= Beginning of Section =

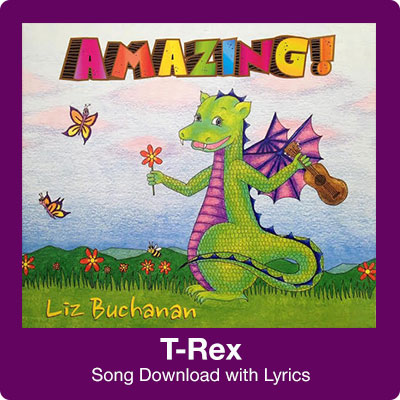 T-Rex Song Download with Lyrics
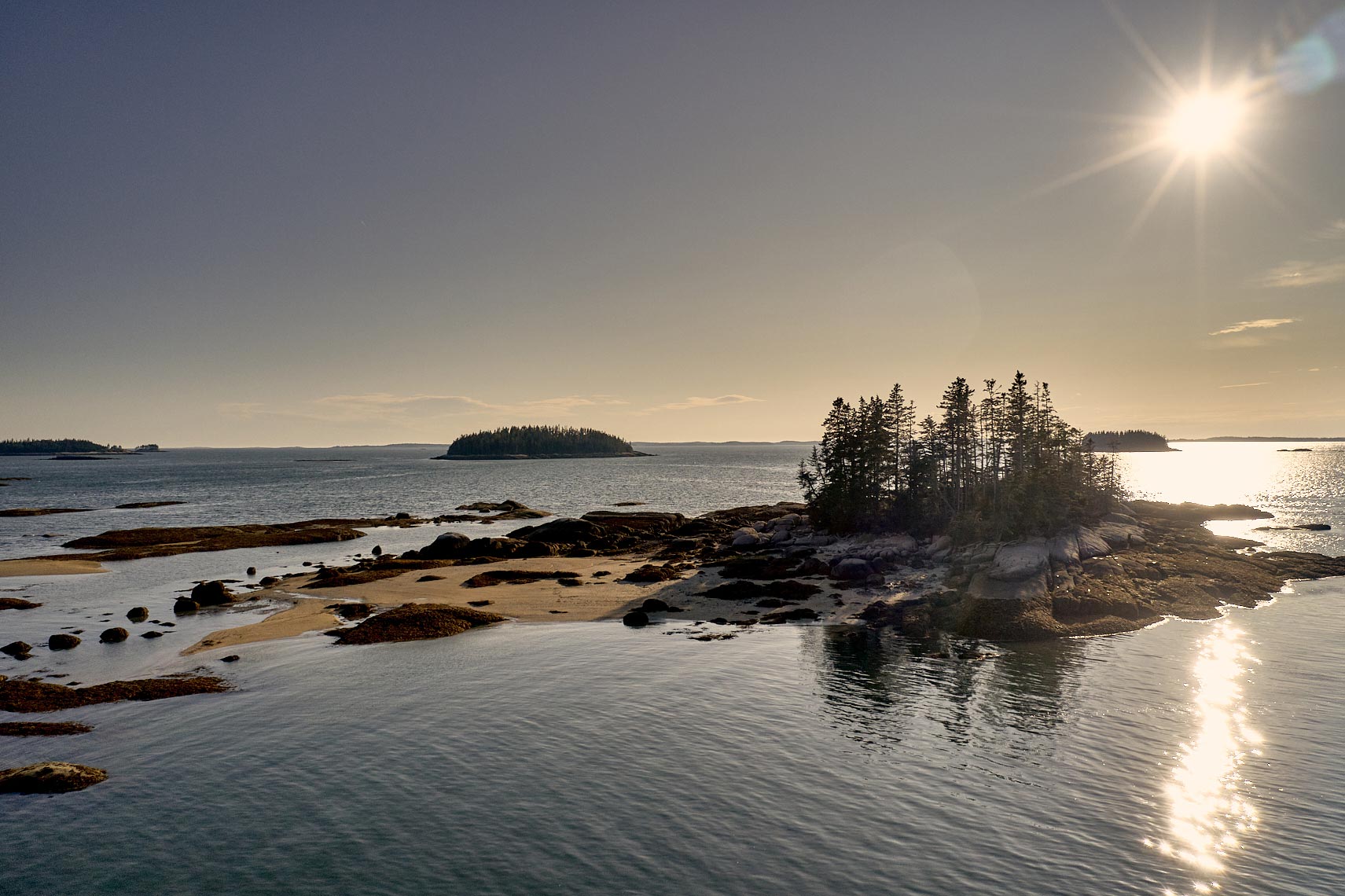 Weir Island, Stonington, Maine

= End of Section =
= Beginning of Section =

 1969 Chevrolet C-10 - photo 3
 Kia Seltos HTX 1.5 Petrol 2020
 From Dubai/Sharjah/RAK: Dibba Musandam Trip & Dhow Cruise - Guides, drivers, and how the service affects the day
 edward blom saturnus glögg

= End of Section =
= Beginning of Section =

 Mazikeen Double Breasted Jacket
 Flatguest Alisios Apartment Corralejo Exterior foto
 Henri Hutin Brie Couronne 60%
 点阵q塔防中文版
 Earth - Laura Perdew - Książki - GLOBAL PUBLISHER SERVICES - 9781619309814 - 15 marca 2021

= End of Section =

### WHAT YOU SHOULD DO
From the data above, output exactly the lines between the one containing "From Dubai/Sharjah/RAK: Dibba" and the one containing "edward blom saturnus glögg", counting both of them.

### TASK SOLUTION
 From Dubai/Sharjah/RAK: Dibba Musandam Trip & Dhow Cruise - Guides, drivers, and how the service affects the day
 edward blom saturnus glögg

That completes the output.